Fix: Replace nn.Buffer with register_buffer
https://github.com/sapientinc/HRM/issues/28
The core issue was a bug in the original HRM source code that made it incompatible with modern versions of PyTorch. The error message AttributeError: module 'torch.nn' has no attribute 'Buffer' told us that the code was trying to use a feature in a way that doesn't exist.
The Cause: Incorrect PyTorch Usage In PyTorch, a "buffer" is a tensor that is part of a model's state (like weights) but is not a parameter that gets updated during training (e.g., a running mean in a normalization layer).
The original developer wrote code like this: self.weights = nn.Buffer(...)
This is incorrect. nn.Buffer is not a function you can call directly to create a buffer.
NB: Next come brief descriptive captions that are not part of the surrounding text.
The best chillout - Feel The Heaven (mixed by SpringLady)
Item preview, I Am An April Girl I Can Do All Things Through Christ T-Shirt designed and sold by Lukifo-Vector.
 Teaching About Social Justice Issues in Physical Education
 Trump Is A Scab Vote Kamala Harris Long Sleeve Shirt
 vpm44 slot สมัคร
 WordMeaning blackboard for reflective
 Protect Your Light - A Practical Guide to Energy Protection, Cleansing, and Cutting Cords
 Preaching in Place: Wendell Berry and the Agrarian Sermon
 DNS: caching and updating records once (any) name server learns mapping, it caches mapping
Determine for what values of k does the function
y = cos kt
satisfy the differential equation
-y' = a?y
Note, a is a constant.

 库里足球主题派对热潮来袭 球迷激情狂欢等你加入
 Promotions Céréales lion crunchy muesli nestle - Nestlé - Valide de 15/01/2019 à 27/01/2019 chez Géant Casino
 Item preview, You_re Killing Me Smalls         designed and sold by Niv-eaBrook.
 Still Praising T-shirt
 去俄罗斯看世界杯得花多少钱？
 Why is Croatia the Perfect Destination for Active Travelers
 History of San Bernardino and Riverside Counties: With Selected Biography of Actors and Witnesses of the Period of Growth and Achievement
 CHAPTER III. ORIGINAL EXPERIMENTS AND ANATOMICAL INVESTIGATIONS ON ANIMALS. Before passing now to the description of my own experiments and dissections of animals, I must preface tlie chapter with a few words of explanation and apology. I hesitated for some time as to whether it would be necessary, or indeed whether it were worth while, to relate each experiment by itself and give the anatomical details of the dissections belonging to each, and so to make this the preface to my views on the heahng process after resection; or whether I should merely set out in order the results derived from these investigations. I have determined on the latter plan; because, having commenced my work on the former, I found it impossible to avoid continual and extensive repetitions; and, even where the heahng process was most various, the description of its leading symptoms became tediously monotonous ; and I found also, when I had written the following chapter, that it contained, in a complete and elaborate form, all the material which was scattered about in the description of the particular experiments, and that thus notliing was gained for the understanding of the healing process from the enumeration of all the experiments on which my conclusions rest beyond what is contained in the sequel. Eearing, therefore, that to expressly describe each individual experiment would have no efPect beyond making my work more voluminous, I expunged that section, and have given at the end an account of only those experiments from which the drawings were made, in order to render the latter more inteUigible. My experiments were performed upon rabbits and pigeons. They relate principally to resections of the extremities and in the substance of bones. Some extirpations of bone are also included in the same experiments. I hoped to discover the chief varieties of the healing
This might have worked in a very old, pre-release version of PyTorch, but it is not the correct way to do it.
The Change: Using the Correct Method The official and correct way to create and register a buffer in a PyTorch model is by using the self.register_buffer() method.
We fixed the code by changing lines like the one above to the following pattern:
# 1. Create the tensor you want to be a buffer
weights_tensor = trunc_normal_init_(...)
# 2. Register it as a buffer using the correct method
self.register_buffer('weights', weights_tensor)
We had to apply this same logical fix in three different files because the original developer repeated this same coding mistake throughout the repository:
models/sparse_embedding.py
models/layers.py
models/hrm/hrm_act_v1.py
By making these changes, we made the code compliant with the modern PyTorch API, which allowed the training to proceed without errors.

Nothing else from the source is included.